Your logic is being shot down, prettyeyes...
No it didn't. The Fat Man could fit within the B-29's bomb bay without modification to the length of it.
This is a myth. There is no record whatsoever of any German aircraft having made such a flight. There was only two Ju 390s built and their fates can be verified. The prototype, which has been alleged to have made a flight to within sight of New York, but is roundly regarded as fiction based on no records surviving of such a thing nor eye-witness testimony from the Germans themselves that such a thing took place and if it did there would be evidence of it - was scrapped at the end of WW2 and the second prototype never flew and was scrapped incomplete.
There are plenty of records from the time of Ju 290s making long distance flights, including to Japan, yet no mention of such an achievement in any archive, nor eye-witness testimony or anything.

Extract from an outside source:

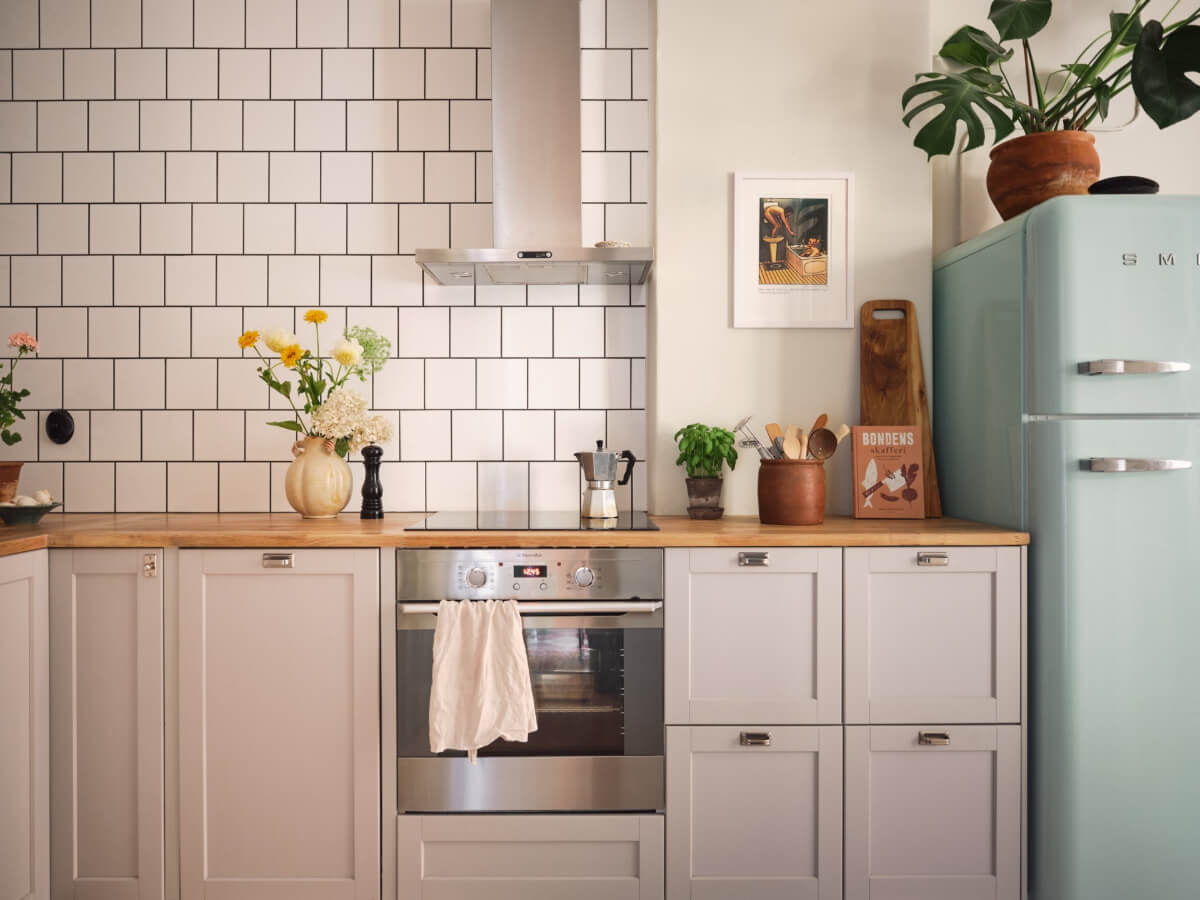 kitchen light gray cabinets wooden countertop white backsplash tiles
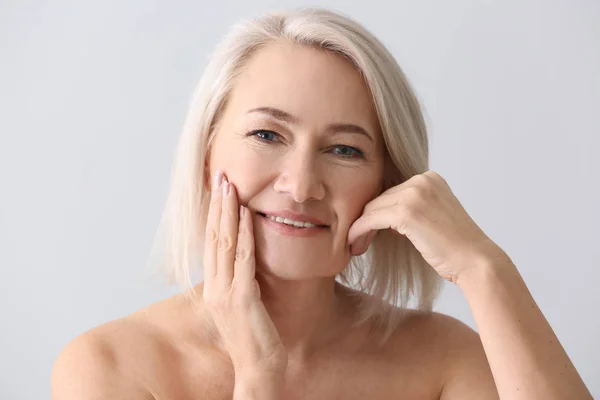 Mujer madura dándose masaje facial sobre fondo claro — Foto de Stock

Have you been drinking. Come on now? I'm not even sure what to say here. Play nice?
Just relax everyone.
Ok, reality (finally) - so which one was actually used?Lets get back to reality here.
Ok, reality (finally) - so which one was actually used?
The B-29...
Is 100% false.There are plenty of records from the time of Ju 290s making long distance flights, including to Japan, yet no mention of such an achievement in any archive, nor eye-witness testimony or anything.